In the expression fullName?.first, the question mark enables “null-safe” property access. It allows us to get the value of the property first of fullName if fullName is not null, and if it is null, the whole expression evaluates to null.

Running this prints:

First Name: John
First Name: Anna
First Name: <INVALID>

Custom types with classes

Imagine we want to model playing cards to create a cards game. With what we know so far, we would have to improvise and use types like String and Integer, or some aliases, to represent the cards. That might actually work, but there’s a much nicer way to model things in Ceylon: to create a class for the object you want to model.

A simple class declaration may look like the following:

class Card(shared Integer rank, shared Integer suit) {}

value card = Card(5, 3);
assert(card.rank == 5);
assert(card.suit == 3);

The above declaration defines a class called Card which contains the fields rank and suit.

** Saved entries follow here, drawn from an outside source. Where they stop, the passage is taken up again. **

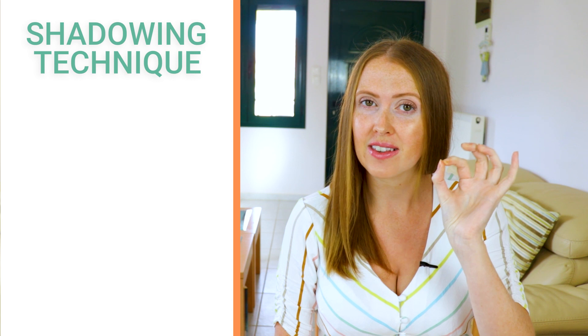In this video we're going to practice the shadowing technique. The shadowing technique is a wonderful way for you to work on your pronunciation and hear the stress and tone in the English language.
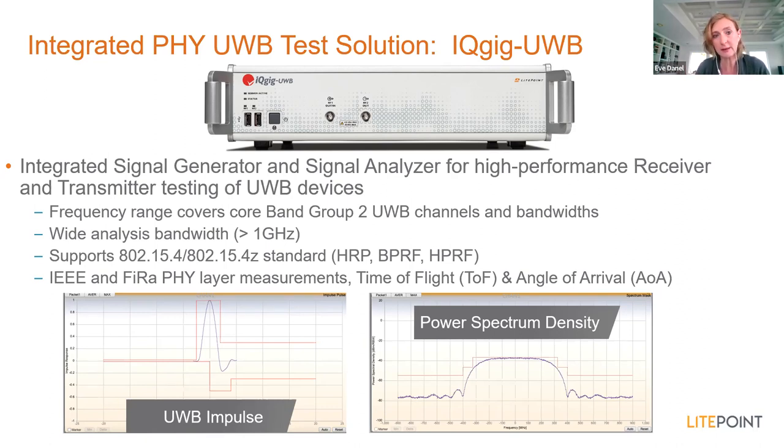The IQGIG UWB functions as both a UWB signal generator used to test the receiver performance of the device under test, and a signal analyzer used to test the transmitter performance. Both are contained within the same tester. The tester supports the frequency range for UWB band group two channels, from roughly five gigahertz to over ten gigahertz, and supports all bandwidths defined in band group two for the IEEE, with analysis bandwidth well over one gigahertz to cover even the largest channels.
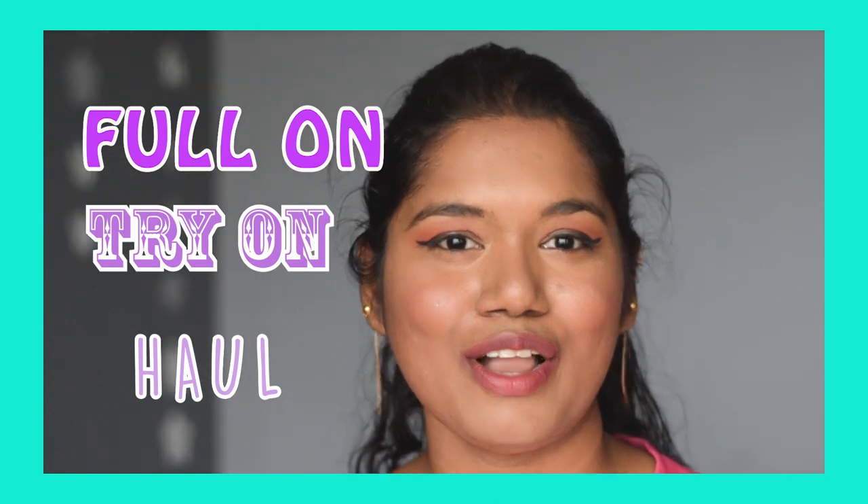Hey guys, welcome back to my channel! If you guys are new here, then welcome. As you already know from the title, this video is going to be a full-on try-on haul of Shein — everything I have ever bought from Shein. If you don't know, Shein is an international fashion brand which also has their own shopping app, available in India too. Stay tuned and don't forget to subscribe!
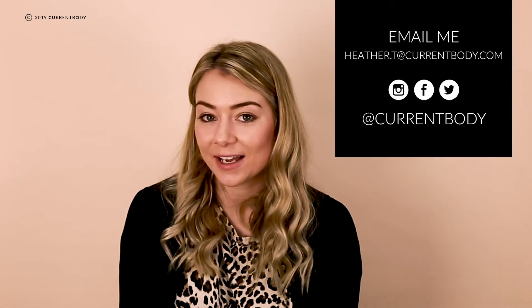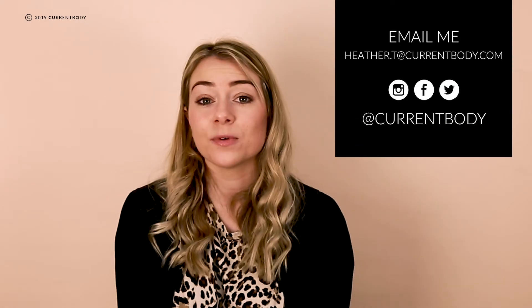Thanks for joining us for Hair Removal Week. If you do have any questions at all then you can get in touch with me at heather.t@currentbody.com. We have all the links to all of our social media channels in the description box, and don't forget to subscribe.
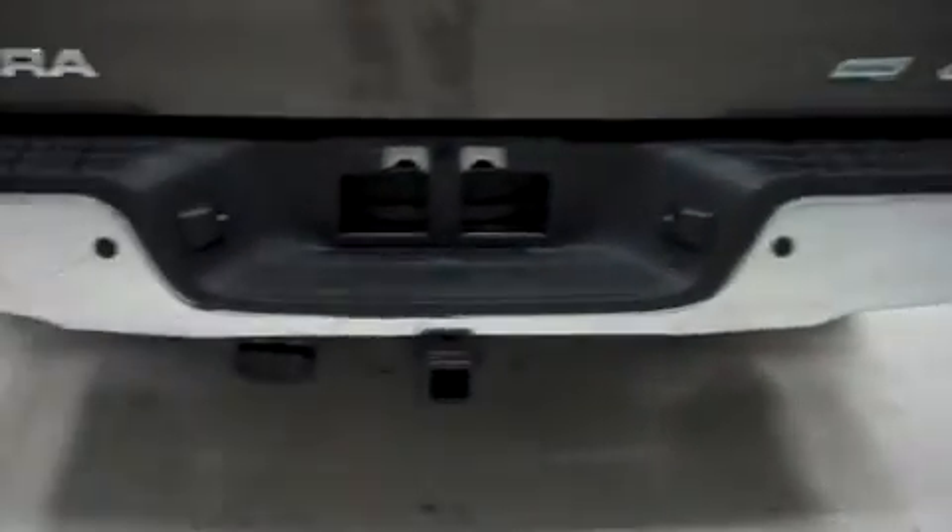The tailgate is also in great condition — no dings, dents, or chips. It has a towing package, backup sensors, and a reverse camera.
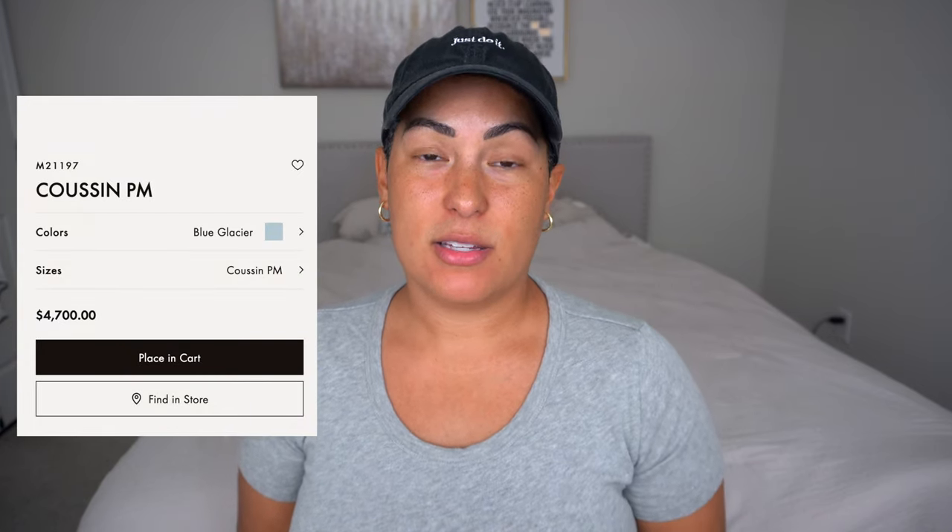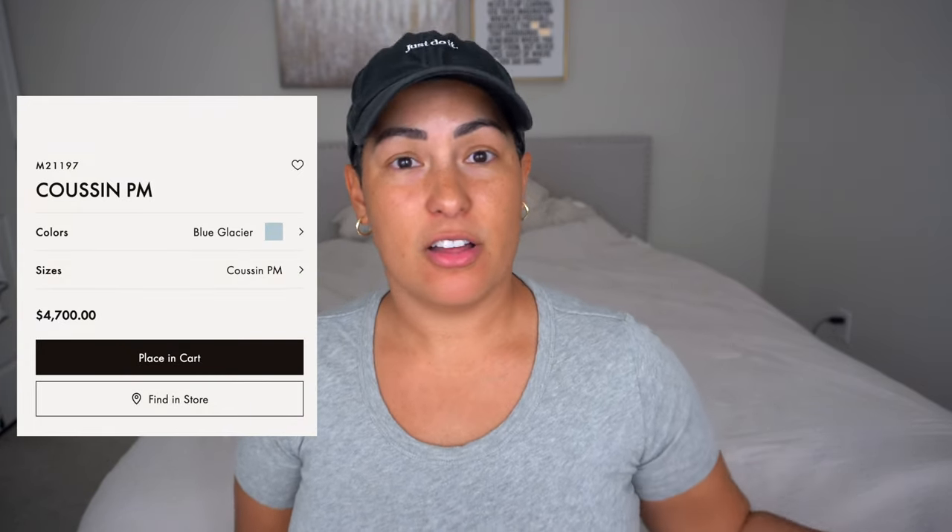I don't know if I would spend that much money on the Coussin, to be completely honest. I feel like I could find other bags for the same price that are maybe better quality or a higher caliber. I also feel like it's a very trendy bag, and I don't know if I want to spend that much money on something that I feel won't last that long.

Because the fields are shared, they can be accessed as properties of a card instance.

Using Integer as the type of both rank and suit seems misguided. What would the Integer corresponding to hearts, or Queen, be? We can do much better than that by defining more new types for these as well:

// suites
class Spades() {}
class Diamonds() {}
class Hearts() {}
class Clubs() {}

// ranks
class Ace() {}
class Jack() {}
class Queen() {}
class King() {}

alias Rank => Integer|Ace|Jack|Queen|King;
alias Suit => Spades|Diamonds|Hearts|Clubs;

// definition of a playing card
class Card(shared Rank rank, shared Suit suit) {}

// example of a card
Card aceOfSpades = Card(Ace(), Spades());

This is looking good, but there’s a problem with our definition of Rank: it still allows any Integer to be a valid rank, but as we know, in any game of cards, the rank is limited to just a few numbers, besides Ace, Jack, Queen and King.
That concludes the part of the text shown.